BIOGEOCHEMICAL EVALUATION OF THE TAB SIMCO MINE DRAINAGE TREATMENT SYSTEM

Tab Simco is an abandoned coal mine located southeast of Carbondale in Jackson County, Illinois. Acid mine drainage (AMD) discharges from the abandoned mine workings have low pH (~2.5) and high average concentration of dissolve ions: Fe = 597 mg/L, Al = 140 mg/L, Mn = 39.7 mg/L, and SO₄^2- = 3,540 mg/L. To abate this problem a passive-type treatment system was constructed in 2007 by the Illinois Department of Natural Resources, Office of Mines and Minerals.  The principle technology employed has been a 0.75-acre sulfate-reducing bioreactor, which is one of the first full scale system employed for the treatment of acidic, coal mine drainage in the US.  The bioreactor was constructed in three layers: a shallow acid impoundment, an underlying thick layer of compost, and finally limestone with embedded drain pipes.  A series of oxidation cells follow the bioreactor unit before discharge into Sycamore creek. 
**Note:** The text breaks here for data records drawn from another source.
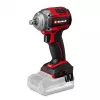 Einhell Professional TP-CW 18/350-C Li BL Atornillador de impacto a batería 18V 350Nm Solo herramienta Rojo/Negro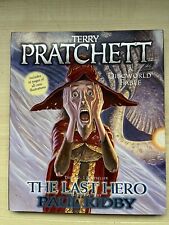 Last hero discworld for sale  SOUTHPORT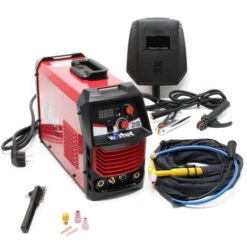 Station De Soudage TIG Soudage à électrodes Allumage H.F. 200 Ampères Inverter MMA Outil De Soudure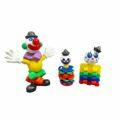 KitPlastico com10 Bonecos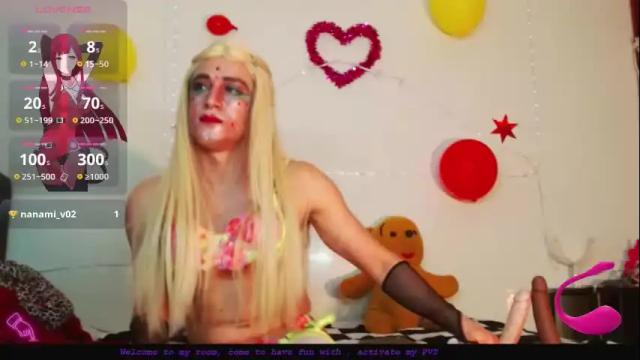 Image 3 of afroditaxxx_69 Stream on Chaturbate on 2 months ago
To analyze the bacterial community associated with the site, molecular analysis of DNA extracted from the acid mine pond, the bioreactor outlet, and the post-treatment pond was performed by amplification and cloning of the 16S rRNA gene (present in all bacteria) and the dissimilatory sulfite reductase genes (only found in sulfate-reducing bacteria).  Preliminary results show that DNA sequences corresponding to bacteria capable of sulfate reduction were present.  However, the sequences were most similar to bacterial species that preferentially reduce nitrate over sulfate.  This molecular data was supported by the subsequent isolation of Desulfovbirio strains capable of anaerobic sulfate reduction under controlled laboratory conditions.  Sequences related to bacterial species that are not capable of sulfate reduction, but are able to use complex carbon sources such as cellulose were also detected.  While this finding is expected due to the presence of compost in the bioreactor, it suggests that simple dissolved organic carbon sources often utilized by sulfate reducers, such as lactate, may not be available to promote efficient bacterial sulfate reduction.  Thus, the relatively high level of sulfate detected in the post-treatment pond is likely due to both the available organic substrate and the presence of nitrate. These results will be used to improve bioreactor design and ultimately the water quality at the AMD treatment site.